Satu ilustrasi yang sering saya sampaikan dalam diskusi perpajakan adalah bagaimana seorang owner perusahaan memerintahkan untuk melakukan pembebanan fiktif  misal dengan nilai Rp. 1 Milyar dalam  laporan keuangan dengan harapan mengecilkan laba, syarat tanpa terikat dengan jenis pajak lainnya. Tentu kecil kemungkinan, kecuali memang petugas fiskus alpa melakukan pengawasan, hal yang sama saya tekankan bahwa setiap keputusan bisnis selalu mengeluarkan efek transaksi yang berujung adanya aliran dana. Oleh karena itu tidak ada cara lain yang dapat dilakukan untuk mengecilkan pajak kecuali dengan memanfaatkan loopholes dengan pemahaman ketentuan dan kepastian hukum perpajakan, diketahui bahwa salah satu prinsip PPN yaitu prinsip destinasi (destination principal) yang mencerminkan keselarasan sistem pemajakan suatu negara. Maka dalam tulisan kali ini kita mencoba mempelajari hal tentang pajak kali ini berjudul sekilas transaksi penyerahan barang diluar daerah pabean.

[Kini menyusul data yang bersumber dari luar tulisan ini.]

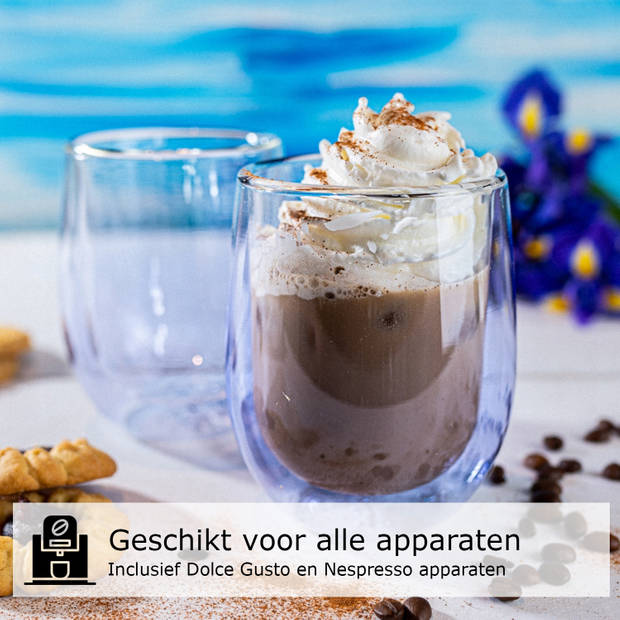 Blauwe Dubbelwandige Koffieglazen - Dubbelwandige Theeglazen - Cappuccino Glazen - 300ML - Set Van 4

Dalam Pasal 4  ayat 1 UU PPN dan SE-130/PJ/2010, terdapat  tiga syarat yang harus terpenuhi agar penyerahan barang dikenai Pajak Pertambahan Nilai yaitu:

  1. barang berwujud yang diserahkan merupakan Barang Kena Pajak;
  2. penyerahan dilakukan di dalam Daerah Pabean; dan
  3. penyerahan dilakukan dalam rangka kegiatan usaha atau pekerjaannya.

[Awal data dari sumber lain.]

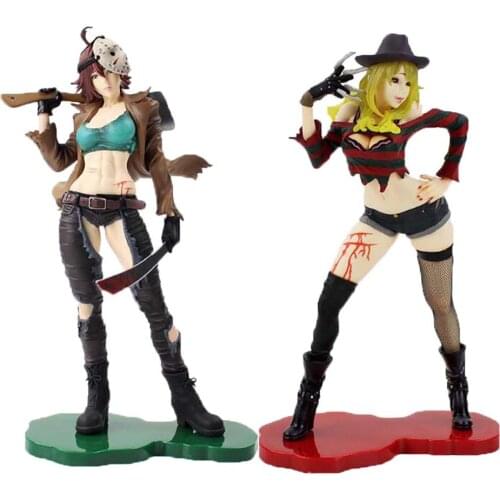 21-25cm Freddy Vs Jason Horror Bishoujo Freddy Krueger Jason Voorhees PVC Action Figure Collectible Model Toy Gift for Kids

Ketiga syarat tersebut pada angka 2 huruf a bersifat kumulatif. Dengan demikian apabila ada satu atau lebih syarat tersebut tidak terpenuhi maka atas penyerahan barang tersebut tidak dikenai Pajak Pertambahan Nilai. Dengan demikian apabila Pengusaha Kena Pajak melakukan transaksi :

  • Penyerahan Barang Kena Pajak yang secara nyata (fisik) berada di luar Daerah Pabean; atau.
  • Penyerahan hak atas Barang Kena Pajak yang secara nyata (fisik) berada di Luar Daerah Pabean,yang dibuktikan dengan akta atau bukti otentik yang mendukung fakta terjadinya transaksi tersebut, tidak dikenai Pajak Pertambahan Nilai.

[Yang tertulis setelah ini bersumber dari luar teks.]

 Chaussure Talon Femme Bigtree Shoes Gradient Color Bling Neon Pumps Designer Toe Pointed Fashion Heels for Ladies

Proses penjualan dari manufaktur hingga konsumen akhir dilakukan melalui mata rantai jalur produksi atau jalur distribusi dan setiap mata rantai dikenakan PPN 10%. Adapun mata rantai dapat meliputi Pabrikan—> Agen—–> Distributor—–>Retailer—-> Konsumen. Terjadinya penjualan/penyerahan  adalah saat terutangnya pajak dimana telah terjadi perpindahan penguasaan fisik atas suatu barang yang didukung dengan perjanjian dan dibuatkan faktur oleh penjual.

Bagaimana jika pabrikan berada diluar daerah pabean, maka penyerahan barang tersebut akan bergantung dari kontrak antara pabrikan dengan agen yang berada di Indonesia yang meliputi hak dan kewajiban penjual dan pembeli dalam transaksi internasional yang berbicara khusus barang berwujud (International Commercial Terms/Incoterms), hal ini menentukan saat dan tempat atau tanggung jawab penyerahan barang tersebut termasuk harga penyerahan serta pengenaan import duties (Bea Masuk, PPN dan PPnBM, serta PPh 22 impor) misalkan :

  1. Syarat penyerahan barang dan peralihan risiko dari penjual kepada pembeli dilakukan pada saat barang telah dimuat di atas kapal (Free On Board/FOB), kewajiban penjual adalah menempatkan barang di atas kapal dan menanggung biaya muat. Sedangkan kewajiban pembeli adalah menentukan pengangkut, menentukan kontrak pengangkutan, dan menanggung biaya angkut dan biaya bongkar. Export clearance dan biaya muat di atas kapal menjadi beban penjual. Sedangkan biaya pengangkutan maupun risiko sejak barang dimuat di atas kapal oleh penjual hingga ke tempat pembeli, serta import clearance menjadi beban pembeli.
  2. Syarat Cost, Insurance, and Freight/ CIF (Named port of destination), Penyerahan barang dan peralihan risiko dari penjual kepada pembeli dilakukan pada saat barang telah dimuat di atas kapal (on board). Kewajiban penjual adalah menentukan pengangkut (carrier), membuat kontrak pengangkutan, menempatkan barang di atas kapal, menanggung biaya muat, ongkos angkut, dan biaya bongkar di pelabuhan tujuan, serta biaya asuransi. Sedangkan kewajiban pembeli adalah menanggung biaya di luar beban penjual sesuai kontrak pengangkutan. Export clearance, biaya pengangkutan, dan biaya asuransi menjadi beban penjual. Sedangkan import clearance menjadi beban pembeli.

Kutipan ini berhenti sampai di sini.